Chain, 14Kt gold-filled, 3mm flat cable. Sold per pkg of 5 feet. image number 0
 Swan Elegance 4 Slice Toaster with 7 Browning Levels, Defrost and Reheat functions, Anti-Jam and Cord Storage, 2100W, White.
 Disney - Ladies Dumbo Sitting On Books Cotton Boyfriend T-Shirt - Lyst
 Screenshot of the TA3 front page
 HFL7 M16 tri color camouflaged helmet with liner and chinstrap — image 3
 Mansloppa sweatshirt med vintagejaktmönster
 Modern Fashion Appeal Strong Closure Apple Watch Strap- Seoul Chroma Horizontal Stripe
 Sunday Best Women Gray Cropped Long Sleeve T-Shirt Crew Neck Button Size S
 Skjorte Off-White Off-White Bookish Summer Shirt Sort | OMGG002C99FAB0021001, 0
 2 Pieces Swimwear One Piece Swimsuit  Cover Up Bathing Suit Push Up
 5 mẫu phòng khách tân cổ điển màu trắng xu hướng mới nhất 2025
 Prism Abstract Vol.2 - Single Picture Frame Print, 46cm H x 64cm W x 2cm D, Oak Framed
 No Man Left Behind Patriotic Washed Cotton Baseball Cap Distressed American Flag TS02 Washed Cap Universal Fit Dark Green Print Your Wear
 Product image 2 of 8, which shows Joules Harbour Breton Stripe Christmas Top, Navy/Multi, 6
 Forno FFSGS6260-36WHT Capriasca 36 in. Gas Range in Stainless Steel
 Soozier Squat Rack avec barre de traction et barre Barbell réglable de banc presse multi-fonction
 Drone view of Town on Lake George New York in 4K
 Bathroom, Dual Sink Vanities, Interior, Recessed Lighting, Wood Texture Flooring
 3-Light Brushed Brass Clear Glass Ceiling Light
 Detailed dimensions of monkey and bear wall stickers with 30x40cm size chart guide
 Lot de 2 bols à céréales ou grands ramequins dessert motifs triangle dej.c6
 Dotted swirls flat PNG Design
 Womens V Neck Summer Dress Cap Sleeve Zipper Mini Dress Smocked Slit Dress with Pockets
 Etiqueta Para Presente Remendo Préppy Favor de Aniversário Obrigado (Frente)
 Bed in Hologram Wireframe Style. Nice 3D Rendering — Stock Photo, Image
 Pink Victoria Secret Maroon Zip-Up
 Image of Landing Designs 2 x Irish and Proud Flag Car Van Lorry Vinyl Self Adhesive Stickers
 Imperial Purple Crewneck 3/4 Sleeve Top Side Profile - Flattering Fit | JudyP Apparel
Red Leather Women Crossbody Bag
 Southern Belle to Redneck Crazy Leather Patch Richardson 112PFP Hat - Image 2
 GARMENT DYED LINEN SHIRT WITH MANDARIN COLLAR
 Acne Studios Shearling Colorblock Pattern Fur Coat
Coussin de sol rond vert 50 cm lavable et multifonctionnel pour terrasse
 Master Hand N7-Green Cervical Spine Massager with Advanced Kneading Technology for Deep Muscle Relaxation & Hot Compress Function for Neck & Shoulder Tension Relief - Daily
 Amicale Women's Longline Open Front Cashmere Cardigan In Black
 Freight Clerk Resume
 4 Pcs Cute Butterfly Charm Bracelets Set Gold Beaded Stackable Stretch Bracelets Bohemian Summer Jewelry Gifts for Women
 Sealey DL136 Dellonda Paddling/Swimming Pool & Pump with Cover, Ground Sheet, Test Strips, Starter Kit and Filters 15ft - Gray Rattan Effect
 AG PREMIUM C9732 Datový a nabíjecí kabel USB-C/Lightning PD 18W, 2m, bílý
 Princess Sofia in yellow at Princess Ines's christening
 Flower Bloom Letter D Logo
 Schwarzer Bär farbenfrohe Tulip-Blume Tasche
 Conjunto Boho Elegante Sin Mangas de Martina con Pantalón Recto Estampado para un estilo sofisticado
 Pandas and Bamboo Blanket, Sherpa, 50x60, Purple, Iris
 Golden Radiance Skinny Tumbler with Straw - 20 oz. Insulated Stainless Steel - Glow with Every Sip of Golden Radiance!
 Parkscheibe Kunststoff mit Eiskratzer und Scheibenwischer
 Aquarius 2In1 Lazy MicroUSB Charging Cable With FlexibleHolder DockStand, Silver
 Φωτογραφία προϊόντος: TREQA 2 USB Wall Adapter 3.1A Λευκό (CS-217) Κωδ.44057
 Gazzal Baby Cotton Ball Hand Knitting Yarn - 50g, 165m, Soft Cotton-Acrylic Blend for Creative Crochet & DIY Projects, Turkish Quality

## Task prompt
Starting at the first line of the data above, retype each line exactly until you reach the line containing "HFL7 M16 tri", and include that line too.

## Solution to the problem
Chain, 14Kt gold-filled, 3mm flat cable. Sold per pkg of 5 feet. image number 0
 Swan Elegance 4 Slice Toaster with 7 Browning Levels, Defrost and Reheat functions, Anti-Jam and Cord Storage, 2100W, White.
 Disney - Ladies Dumbo Sitting On Books Cotton Boyfriend T-Shirt - Lyst
 Screenshot of the TA3 front page
 HFL7 M16 tri color camouflaged helmet with liner and chinstrap — image 3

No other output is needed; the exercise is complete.